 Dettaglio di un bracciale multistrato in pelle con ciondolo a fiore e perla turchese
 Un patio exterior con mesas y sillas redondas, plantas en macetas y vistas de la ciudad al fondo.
---
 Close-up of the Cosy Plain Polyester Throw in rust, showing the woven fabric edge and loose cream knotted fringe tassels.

**What to work on**: One stretch of the lines above is wanted, from the line that contains "Dettaglio di un" through the line that contains "Un patio exterior". Output it exactly.

**Result**:
 Dettaglio di un bracciale multistrato in pelle con ciondolo a fiore e perla turchese
 Un patio exterior con mesas y sillas redondas, plantas en macetas y vistas de la ciudad al fondo.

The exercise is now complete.